Apesar de a presença feminina ser um elemento indispensável no espetáculo do filme, ela tende a congelar o fluxo da ação em momentos de contemplação erótica, o desenvolvimento da diegese do filme é paralisado para a contemplação da beleza feminina. Essa situação pode ser vista na famosa cena do vodu, do filme Vênus Loura, onde a narrativa é paralisada para o vislumbramento de Helen, interpretada pela diva Marlene Dietrich. Ali pode-se ver claramente os três olhares citados por Mulvey: o dos homens da cena, hipnotizados pela beleza de Helen, o da câmera que escolhe os melhores ângulos para realçar a sensualidade da atriz e, por último, o do telespectador, que entra no jogo fílmico como o receptor do erotismo provocado pela sensualidade da mulher em cena.
Mas o problema dessa intensa masculinização do olhar no cinema clássico de Hollywood é o da manutenção do status quo da mulher na sociedade patriarcal, quando ela é vista como mero objeto erótico tanto para os personagens da tela como para o espectador do cinema. Para Ann Kaplan, o homem não olha simplesmente, mas em seu olhar está contido o poder de ação e de posse que faltam ao olhar feminino. Segundo ela, a mulher recebe e retorna o olhar, mas não tem poder de ação sobre ele. Ela ressalta também que essa sexualização e objetificação da mulher não tem apenas o erotismo como objetivo, mas também é uma tentativa de aniquilar a ameaça que a mulher representa.
Fazendo uso de termos psicanalíticos como escopofilia, falocentrismo, voyeurismo e fetichismo, Mulvey explica que a figura feminina coloca um problema mais profundo, como objeto do olhar masculino. A falta real de um pênis implica ao homem um desprazer, pela ameaça de castração e também, conforme Ann Kaplan, pelo medo do “órgão sinistro”, que é a vagina. Mulvey identifica duas vias de saída para o homem escapar desta ansiedade de castração: o (1) voyeurismo e o (2) fetichismo, estruturas utilizadas como uma espécie de mecanismo de defesa contra a ameaça feminina.

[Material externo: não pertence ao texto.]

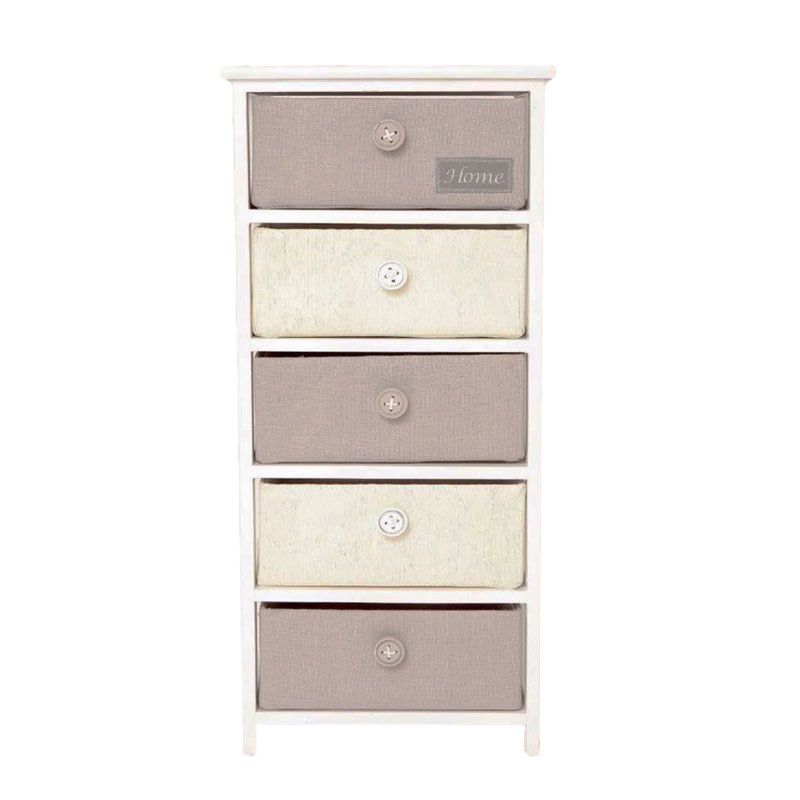Ashley 5 Bedside Chest Of Tall Drawers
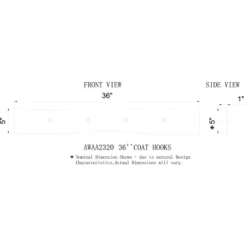 Alaterre Furniture Alpine Natural Brown Live Edge Bench With Coat Hook Set Metal And Wood -Nexera Furniture Store GUEST 397a3af1 088e 4a05 bd9b 8809b1a8cdb1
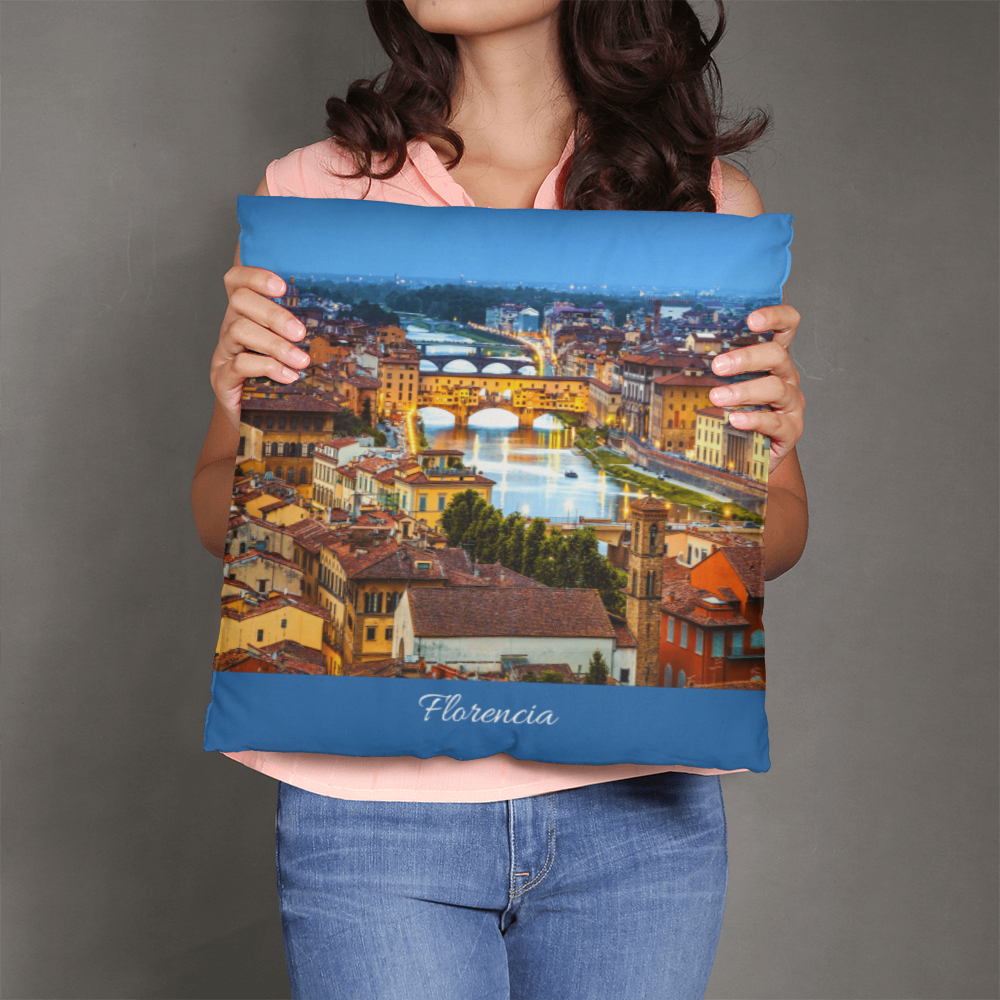 Florence II Decorative Throw Pillow Set (Blue) - SO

Com o uso do voyeurismo, o qual possui associações com o sadismo, o homem encontra o prazer na determinação da culpa da mulher-objeto, controlando-a e submetendo-a à desvalorização, punição ou redenção. Em A dama de Xangai, pode ser vista a punição que O’Hara dá a Elza Bannister no final do filme, ao deixá-la morrer em um momento em que poderia salvá-la. Ela teria que pagar por tê-lo seduzido e o desviado do “caminho correto”. Já em Vênus Loura, pode ser visto o voyeurismo na forma da redenção ou perdão, quando Helen é aceita de volta pelo seu marido, agora não mais como a mulher sensual, perigosa e sedutora, mas como a mãe do filho de Faraday.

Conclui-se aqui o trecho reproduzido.